Bitcoin’s five-day decline saw Bitfinex traders aggressively add long positions, which climbed to a 2.5-year high.
Bitfinex margin longs have climbed to a 2.5-year high, even as Bitcoin continues to struggle below key resistance near the $78,000 level.
Bitcoin (BTC) has now declined for five straight sessions between May 15 and May 19, marking its second-longest losing streak of the year and failing to secure a sustained recovery. The recent downturn has pushed BTC from above $80,000 to around $76,000, reflecting broader weakness across crypto and risk assets.
Despite the price pressure, leveraged traders on Bitfinex have continued to build long exposure.

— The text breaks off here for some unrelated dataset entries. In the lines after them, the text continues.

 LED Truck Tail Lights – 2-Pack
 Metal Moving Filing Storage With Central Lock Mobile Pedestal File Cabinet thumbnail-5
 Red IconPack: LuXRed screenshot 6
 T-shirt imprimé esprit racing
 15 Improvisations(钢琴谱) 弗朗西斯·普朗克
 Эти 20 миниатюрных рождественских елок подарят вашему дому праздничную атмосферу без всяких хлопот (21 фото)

According to TradingView data, Bitcoin margin longs—positions funded through borrowed capital—have increased to 80,636 BTC, up roughly 1.5% over the past several days. This marks the highest level since December 2023, when Bitcoin traded near $43,000.

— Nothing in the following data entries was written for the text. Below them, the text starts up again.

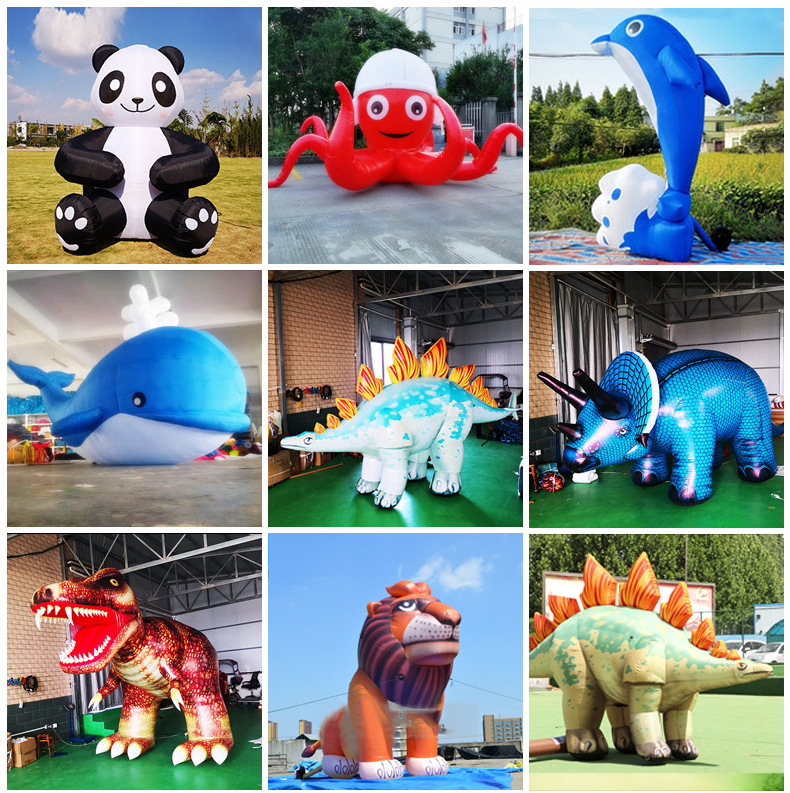 Custom Christmas Decorations Outdoor Inflatable Cartoon Character For Advertising Giant Inflatable Dinosaur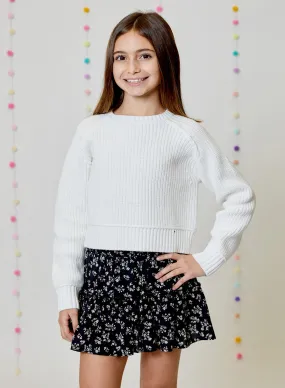 Leah Winter White Sweater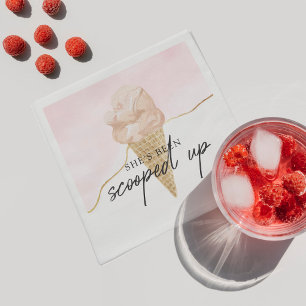 Funny Waterverf Ice Cream Vrijgezellenfeest Servet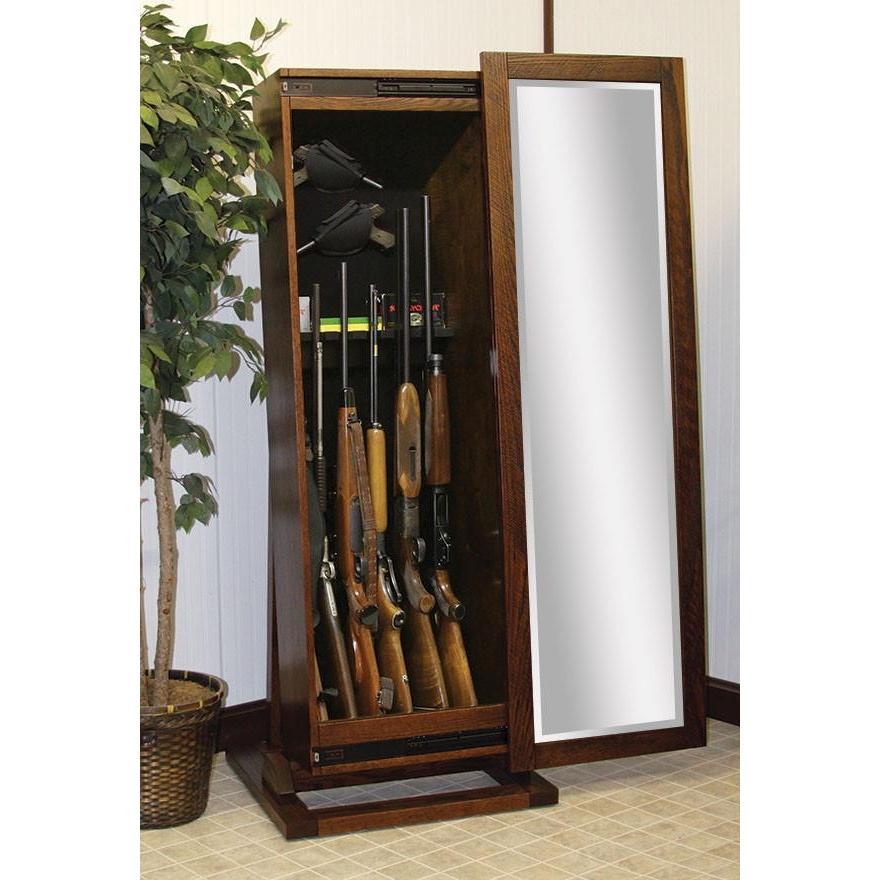 Amish Rough Sawn Rifle Cabinet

On a broader scale, Bitfinex longs have risen about 10% year-to-date, even as Bitcoin has dropped roughly 13% over the same period. The divergence suggests continued accumulation by larger traders despite BTC trading nearly 35% below its October all-time high of $126,000.

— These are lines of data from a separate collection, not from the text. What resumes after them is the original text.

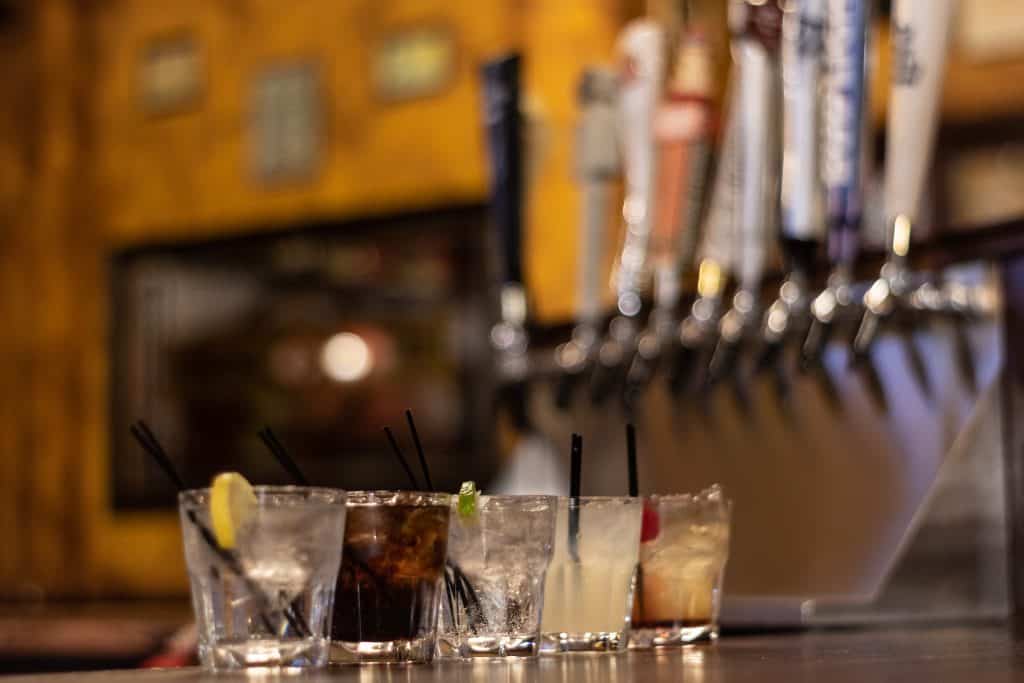 Assorted cocktails at Dublin Square bar in Lansing, MI.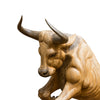 Carved Rearing Bull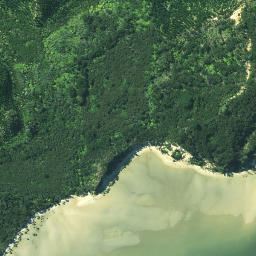 Satellite imagery of Toetoe Point, NZ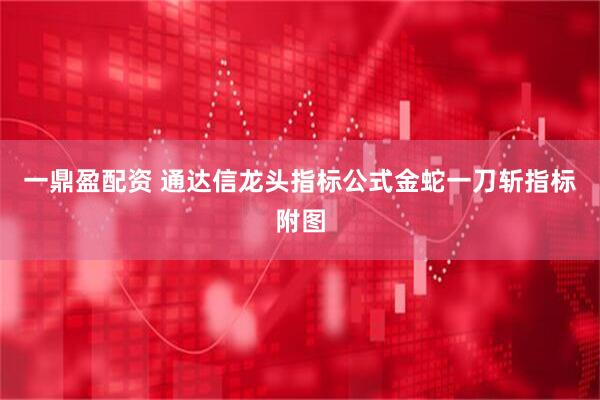 一鼎盈配资 通达信龙头指标公式金蛇一刀斩指标附图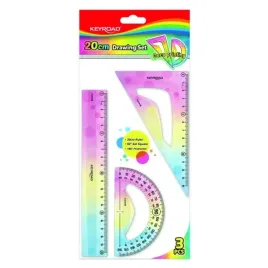 zestaw-geometryczny-20cm-keyroad-pastel-mix-kolorow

Historically, Bitfinex margin positioning has been treated as a contrarian signal, with elevated long exposure often appearing during periods of market stress and sharp drawdowns, while positions tend to be reduced near local tops.
From a technical perspective, Bitcoin is approaching a major resistance zone. The price is testing the True Market Mean—an on-chain metric representing the network’s aggregate cost basis—alongside the short-term holder realized price, which reflects the average purchase level of recent buyers over the past 155 days. Both indicators sit near $78,000, just above current spot levels.
Above this area, the 200-day moving average is positioned slightly over $81,000, acting as the next significant resistance level bulls must overcome to confirm a broader upward trend.